Joe Weisenthal | Mar. 10, 2010, 11:11 AM
In case you still had any doubt why China is loathe to sign onto some treaty that would limit their emissions, just get a load of the latest data on their market.
The following commentary and chart come courtesy of Waverly Advisors:
Chinese domestic automotive sales rose by 46.40% year-over-year in February to 1.21 million total units sold according to data released by the China Association of Automobile Manufacturers, with the passenger car segment up by 55% from last February's levels and with estimated production levels for passenger cars slightly exceeding sales. To put this in context: With last month's Lunar New Year celebration taking up perhaps 30-40% of the total production and sales days with the two week long celebration and the annual visit home that millions of migrant workers make, these sale and production levels are enormous.

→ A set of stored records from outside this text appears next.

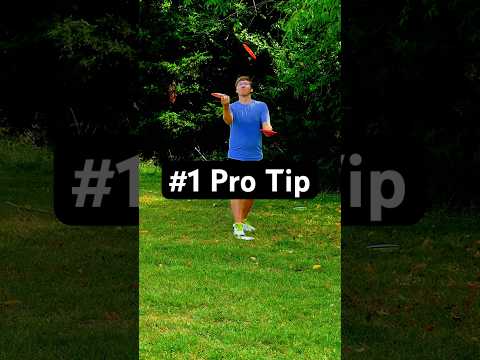 Keep Your Competition Guessing #discgolf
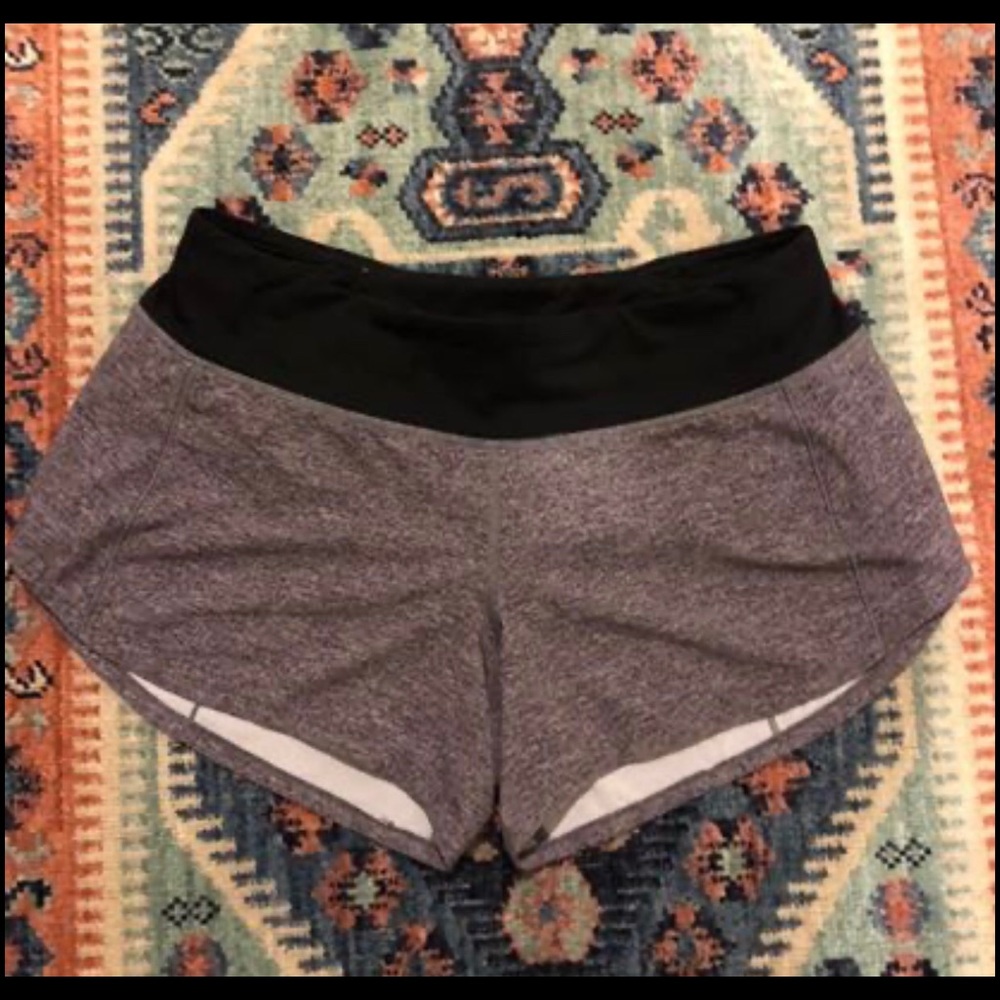 Lululemon shorts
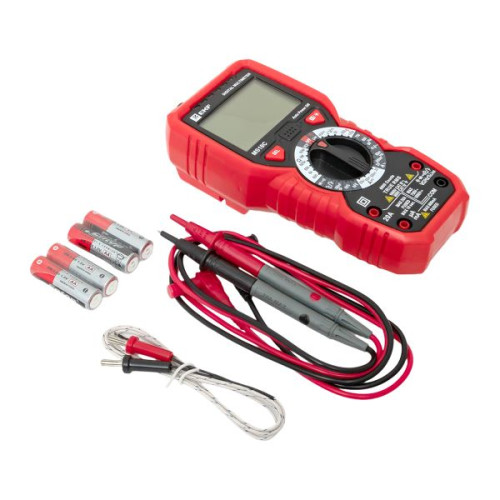 Мультиметр цифровой MS18C EKF Professional Мультиметр цифровой MS18C EKF Professional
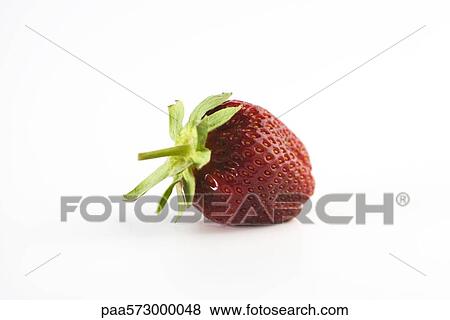 Fresh strawberry View Large Photo Image Stock Photo - Fresh strawberry. Fotosearch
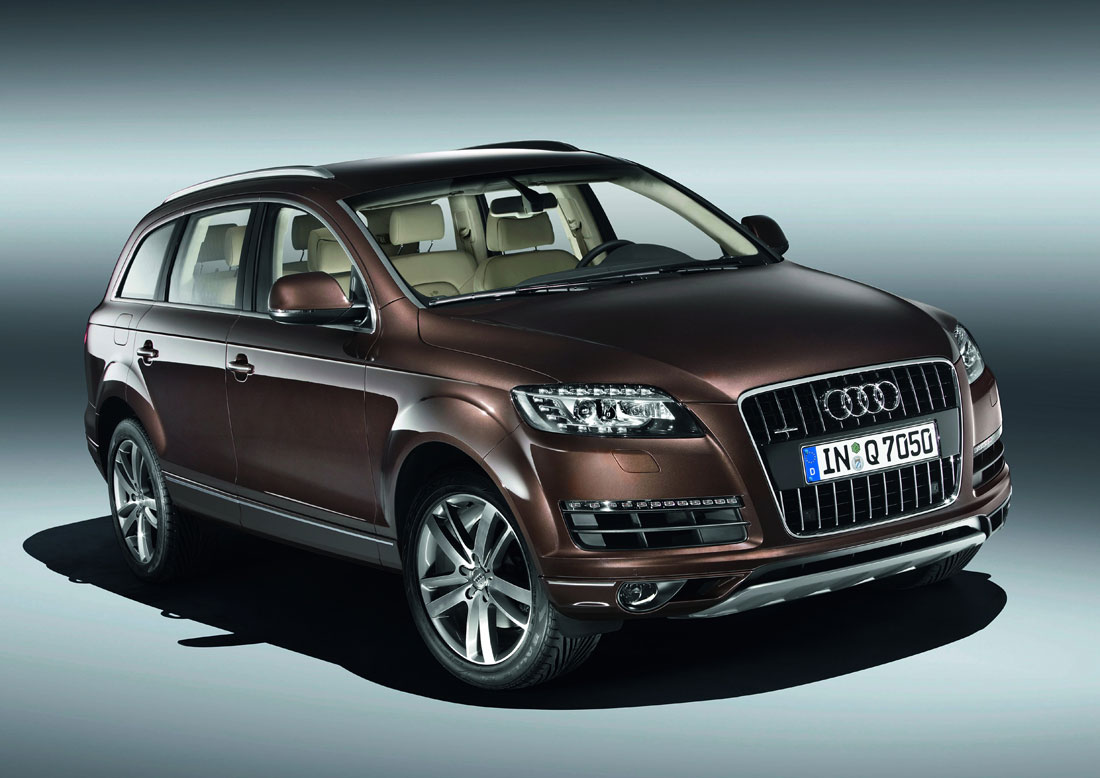 Harga Mobil Audi Q7 42 FSI Quattro Tiptronic Dan Spesifikasi Oto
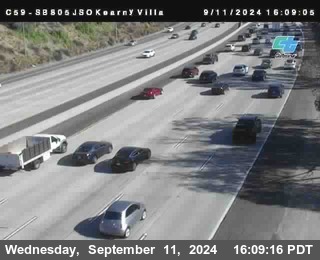 SB 805 SO Kearny Villa Rd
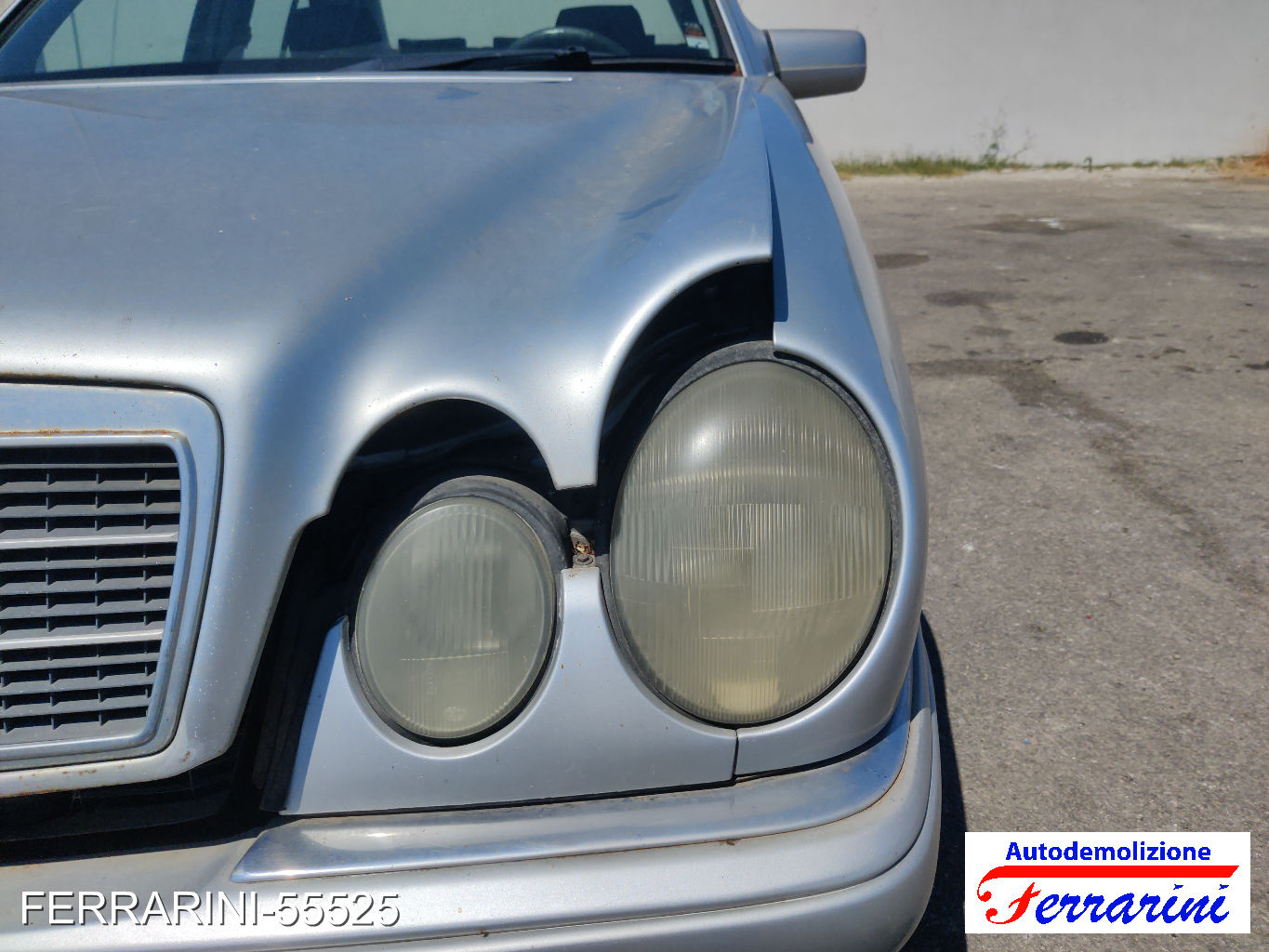 Mercedes Classe E 47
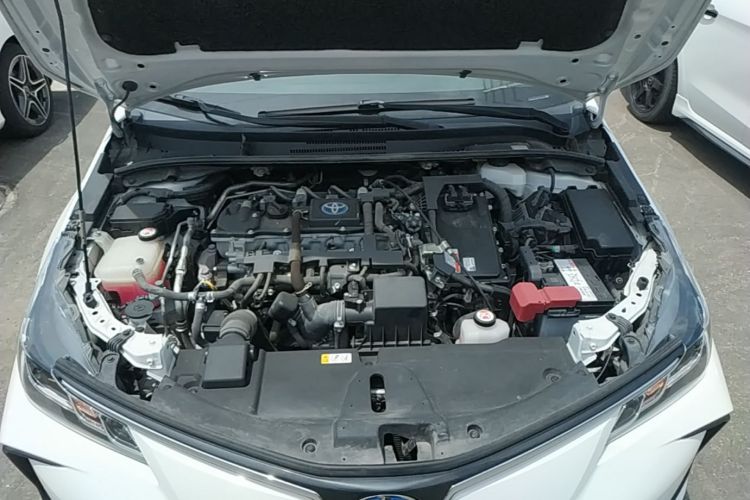 Toyota Corolla 2023 #20 Toyota Corolla 2023 car image #20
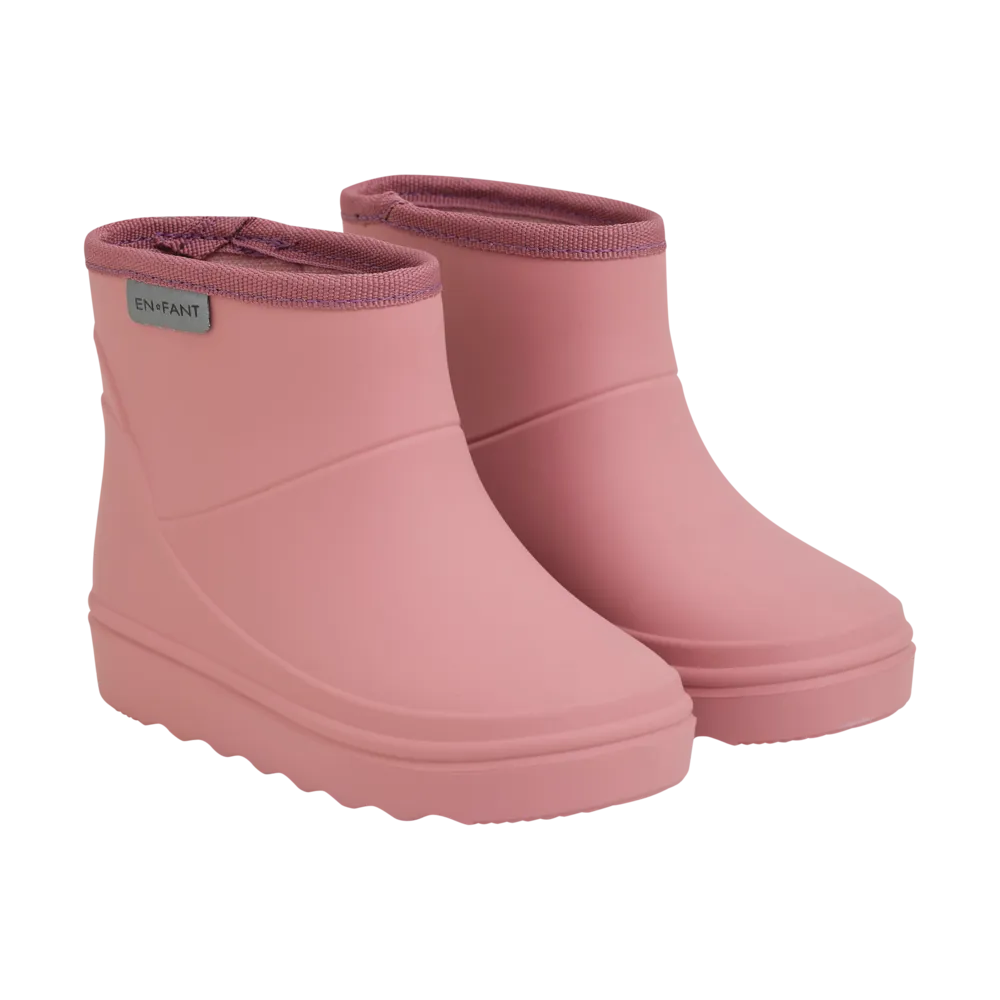 Regenlaarsjes Short Old Rose afbeelding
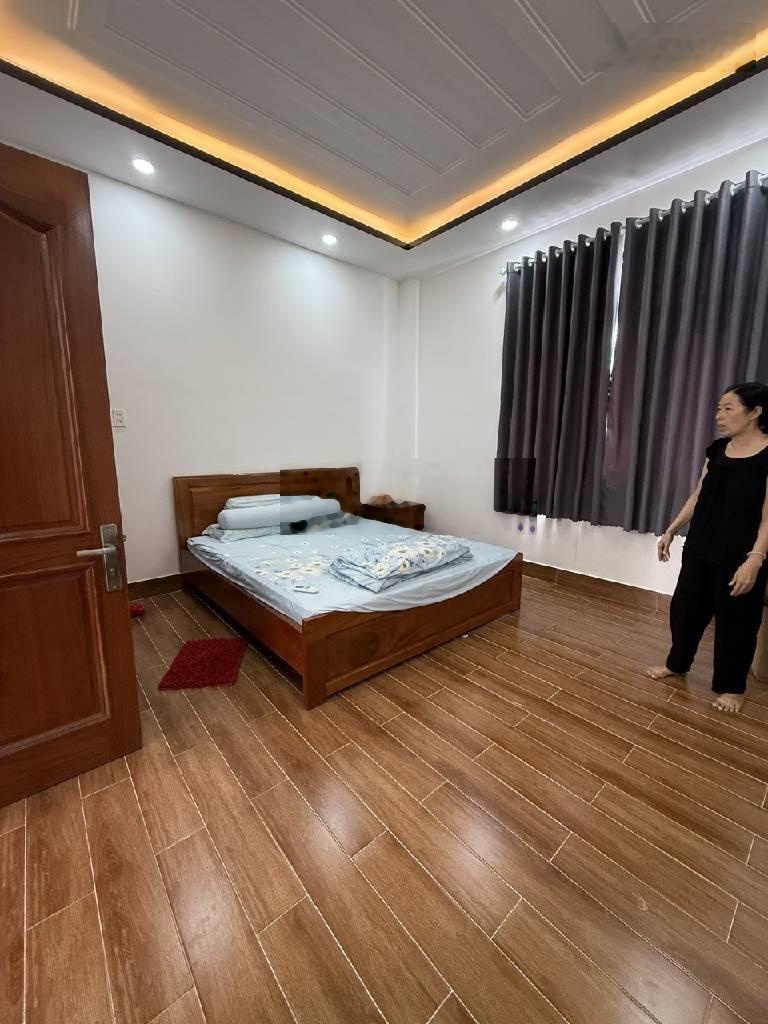 Huỳnh tấn phát - 100m 4 tầng full nội thất - 7,5 tỷ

The Chinese automotive industry is continuing to ramp up capacity to meet demand. Changan Automobile, the 4th largest domestic producer by sales (and a strategic partner of Ford) yesterday reported 2009 total revenues up by 88.4% on a 64.1% increase in total units sold, adding that the company anticipates government policies will continue to support industry growth at the present pace for the foreseeable and that facility expansion will likely continue. Changan is not alone in ramping up capacity, smaller rival Chery, best known for compact cars, recently announced a new factory launch in Eros in inner Mongolia despite the fact that their new facilities in Wuhu and Dalian have not yet been completed. Indeed there are anecdotal media reports of worker shortages as factory workers failed to return to coastal regions after the new year celebration choosing instead to remain closer to home at new inland automotive factories.